#### EXERCISE OBJECTIVE:
Output exactly the lines of the listing below that run from the line with "674 Sundance Dr, Windsor, CO" through the line with "Online CARVICA Bluse Dame Toppe". No pictures.
※ ※ ※
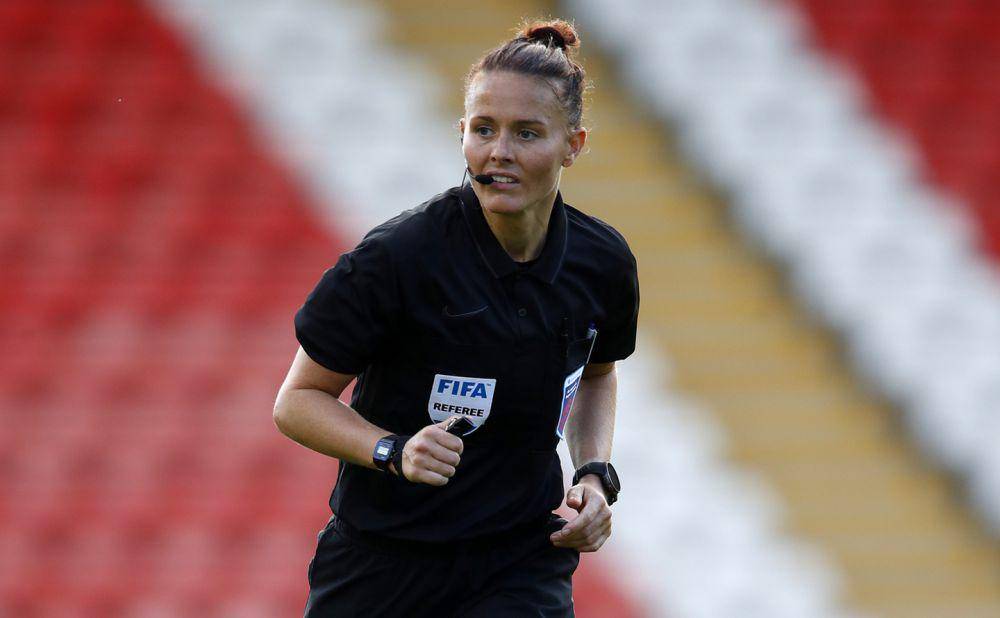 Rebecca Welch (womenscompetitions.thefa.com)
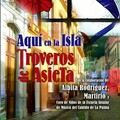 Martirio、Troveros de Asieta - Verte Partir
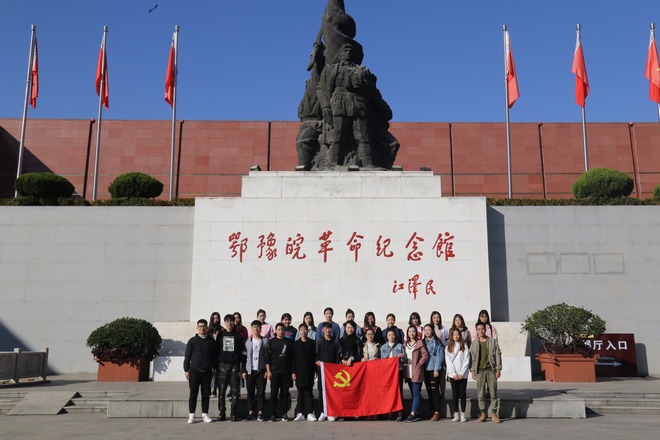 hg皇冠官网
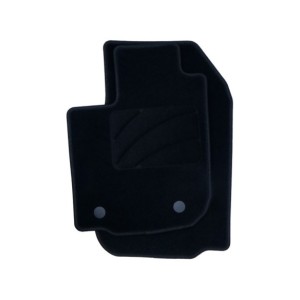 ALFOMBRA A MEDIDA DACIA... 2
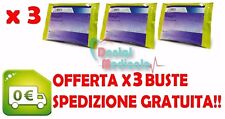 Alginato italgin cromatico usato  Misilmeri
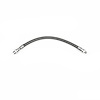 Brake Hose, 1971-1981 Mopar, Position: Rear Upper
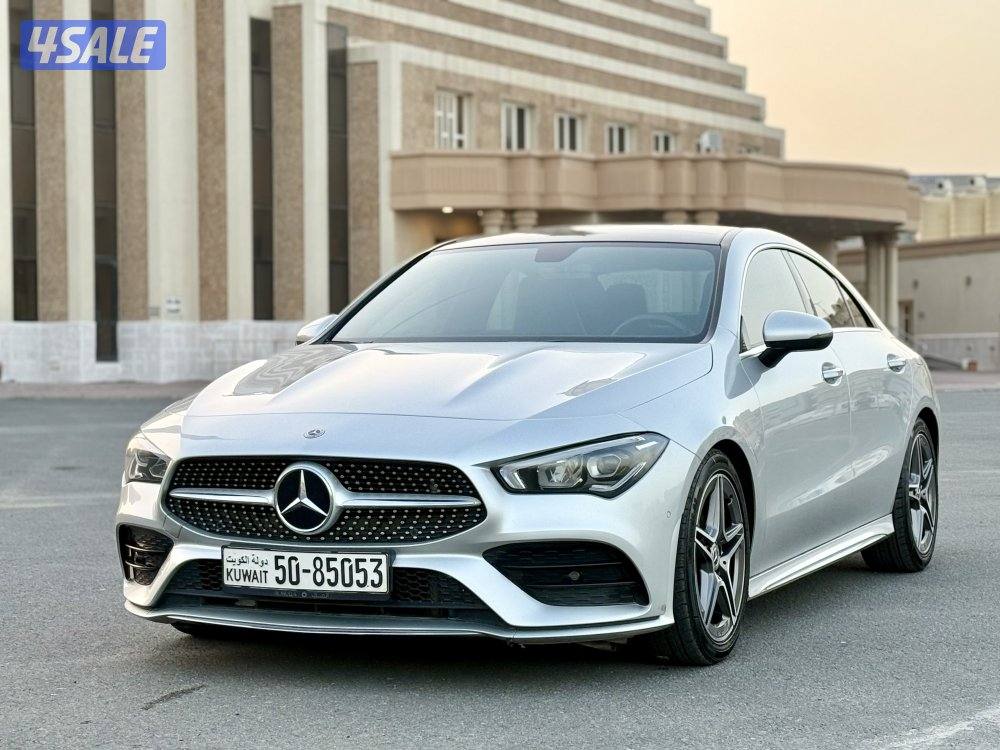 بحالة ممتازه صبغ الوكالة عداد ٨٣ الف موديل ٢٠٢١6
※ ※ ※
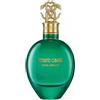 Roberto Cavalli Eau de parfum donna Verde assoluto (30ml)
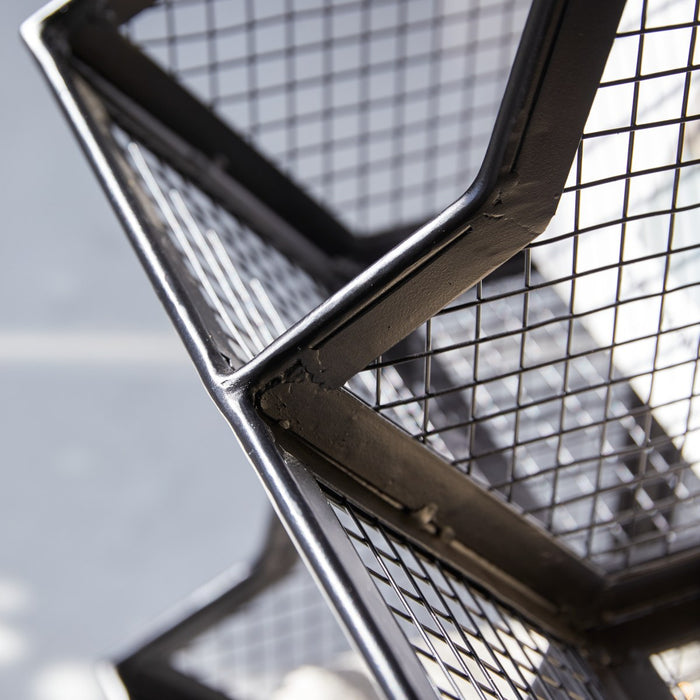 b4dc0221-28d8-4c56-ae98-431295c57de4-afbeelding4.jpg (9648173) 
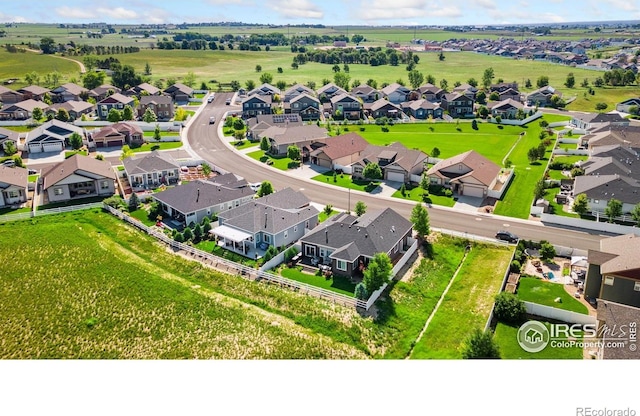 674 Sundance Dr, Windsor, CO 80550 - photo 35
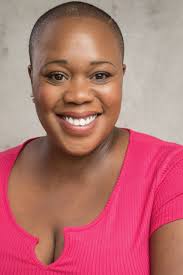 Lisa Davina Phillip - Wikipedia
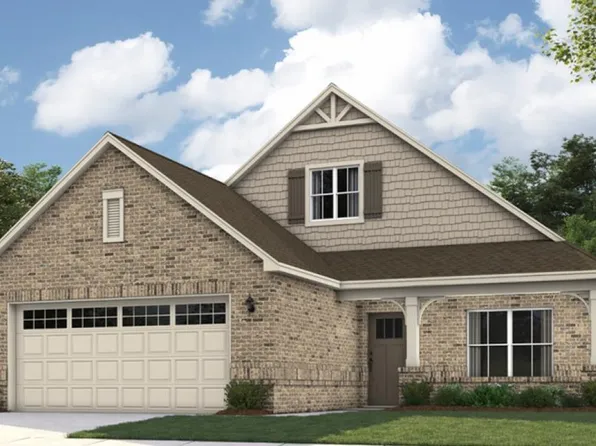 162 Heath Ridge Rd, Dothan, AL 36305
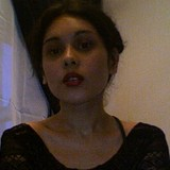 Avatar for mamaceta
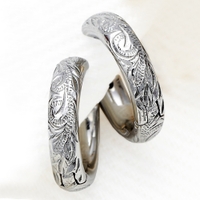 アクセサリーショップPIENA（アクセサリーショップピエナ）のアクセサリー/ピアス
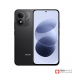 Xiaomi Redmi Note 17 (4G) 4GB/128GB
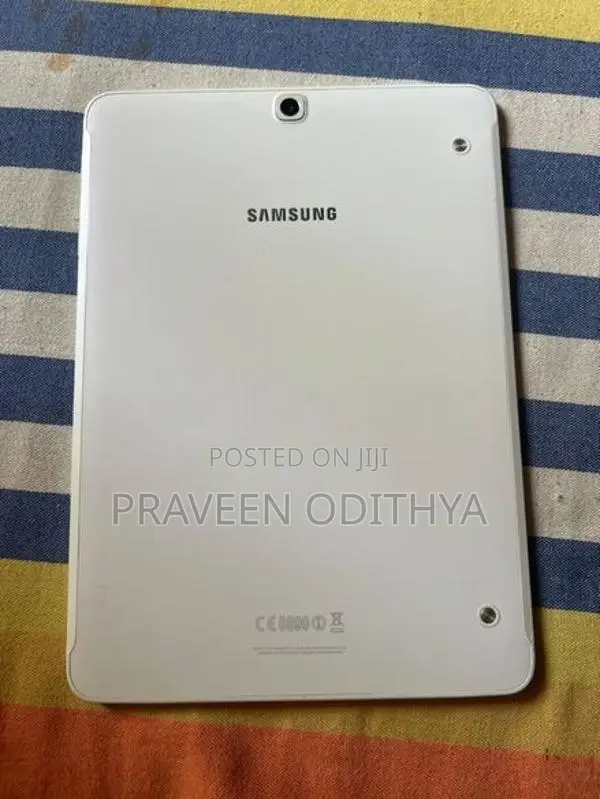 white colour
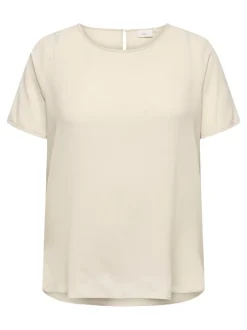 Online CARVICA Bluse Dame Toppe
※ ※ ※
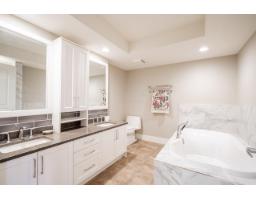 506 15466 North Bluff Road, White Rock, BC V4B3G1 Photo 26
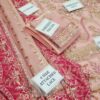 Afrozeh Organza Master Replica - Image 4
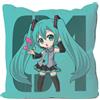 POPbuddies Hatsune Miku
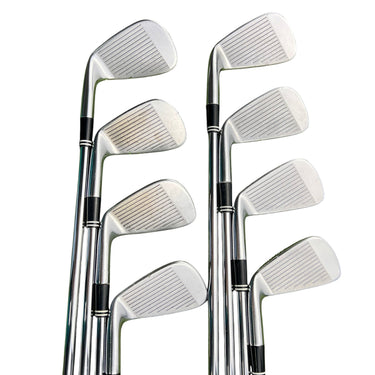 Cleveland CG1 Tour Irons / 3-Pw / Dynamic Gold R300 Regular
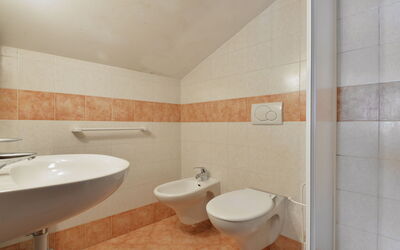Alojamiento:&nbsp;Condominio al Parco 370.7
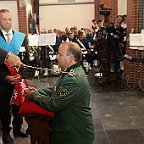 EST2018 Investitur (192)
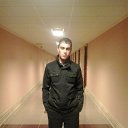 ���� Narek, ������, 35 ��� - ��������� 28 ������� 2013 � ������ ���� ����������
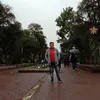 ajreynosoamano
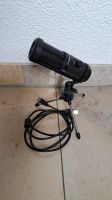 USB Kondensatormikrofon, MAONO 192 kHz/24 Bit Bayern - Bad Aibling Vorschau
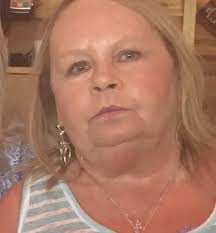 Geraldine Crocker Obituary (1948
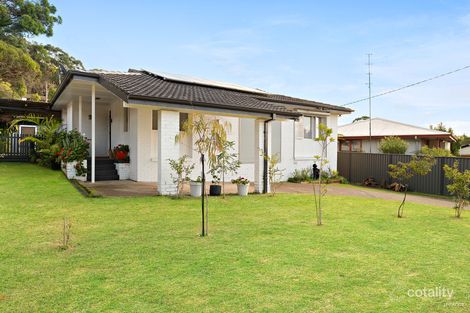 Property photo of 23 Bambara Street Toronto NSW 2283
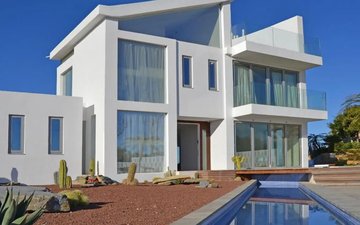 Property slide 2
※ ※ ※
#### SOLUTION TO THIS PROBLEM:
 674 Sundance Dr, Windsor, CO 80550 - photo 35
 Lisa Davina Phillip - Wikipedia
 162 Heath Ridge Rd, Dothan, AL 36305
 Avatar for mamaceta
 アクセサリーショップPIENA（アクセサリーショップピエナ）のアクセサリー/ピアス
 Xiaomi Redmi Note 17 (4G) 4GB/128GB
 white colour
 Online CARVICA Bluse Dame Toppe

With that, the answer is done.